By Anna Heiney
NASA's Kennedy Space Center
When a team of Kennedy Space Center ecology specialists ventured out to the Florida spaceport’s shoreline for a routine site survey, they expected to check on the progress of an ongoing dune restoration project. They didn't expect to find a compilation of poignant and charming writings.
Don Dankert first spotted the olive-green glass bottle jutting out of a shallow ditch just inland from the dune. It was May 2, 2018, and the area had recently been cleared of thick vegetation, leaving the bottle exposed. Surprised to have made such a discovery in the first place, Dankert retrieved and opened it, pulling out the neatly typed packet inside.
"You expect a single page, but it was five pages, front and back," said Dankert, NASA technical lead for environmental planning in the center's Environmental Management branch. "We were all reading excerpts, standing right there on the beach."
"Dearest Barbara," the first letter began. The writer, Victoria, addresses her sister Barbara directly, reminiscing about their sister, brother, parents, husbands and experiences they’d shared growing up. "My letter will take on its own pulse as I want to say the things I was not able to say at your bedside. . ."
After the first letter to Barbara was a second, written after she passed away in September 2012, describing the beautiful, smart and funny woman whom her siblings had always admired. Then, a copy of Barbara’s obituary. There were photos of Barbara, and several pages of her favorite witty "Barbara-isms."
Also included was a letter from Victoria to the person who would someday find and open the bottle.
"It is the desire of Barbara’s sisters to honor and share this amazing woman with the mystery of whomever should come upon 'Love from Barbara in a bottle,'" the letter read. "Barbara enjoyed life, and her funny side kept us laughing with the timing of these 'isms.'"
Victoria also included a phone number. Reached at her home in Mississippi, she was pleased and relieved to learn the bottle had surfaced.
"You don't know if it will be broken at sea; you wonder whether it will ever be found," she said.
After Barbara's passing, Victoria explained, the family had enlisted the help of the captain of a fishing charter that sailed out of Daytona Beach, Florida, about 50 miles north of the spaceport. He'd released the bottle in the Gulf Stream in March 2015. Dankert believes a passing hurricane probably carried it all the way over the dune to the place where it was finally discovered. The bottle and enclosed papers were all in good condition.
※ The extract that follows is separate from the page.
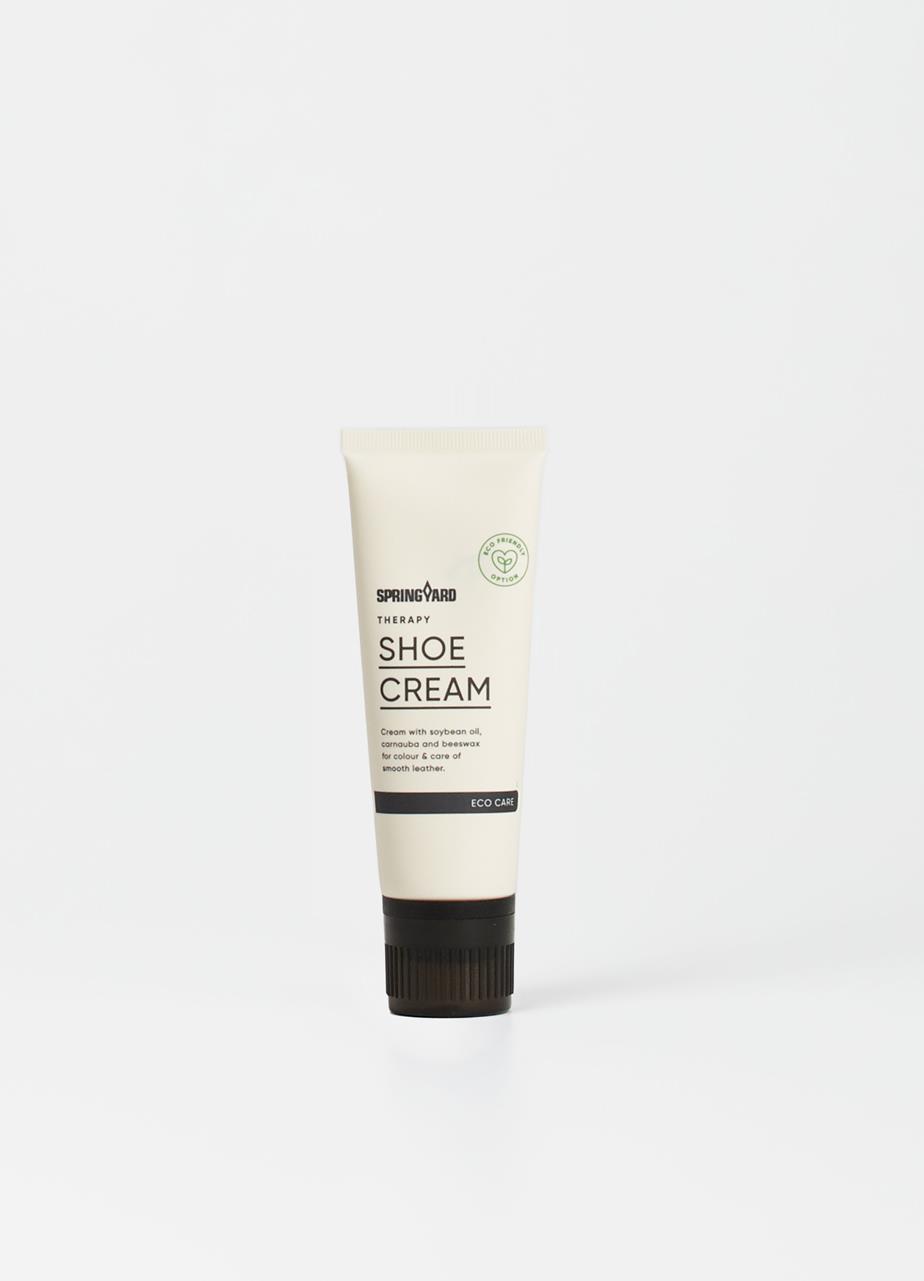 Shoe cream White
After the Kennedy team read the message that day at the beach, they brought it back to share with the rest of their organization.
"We shared it widely within our branch, with the disclaimer that it's emotional," Dankert said. "But it was well-received around here. Now everybody feels like we know Barbara, and a few of us still use the 'Barbara-isms.'"
Victoria and her surviving sister, Annis, are happy to know they accomplished their goal of honoring Barbara by sharing her warmth and wit.
"She loved life, and was just a beautiful woman, physically and in spirit," Victoria said. "She was an amazing role model."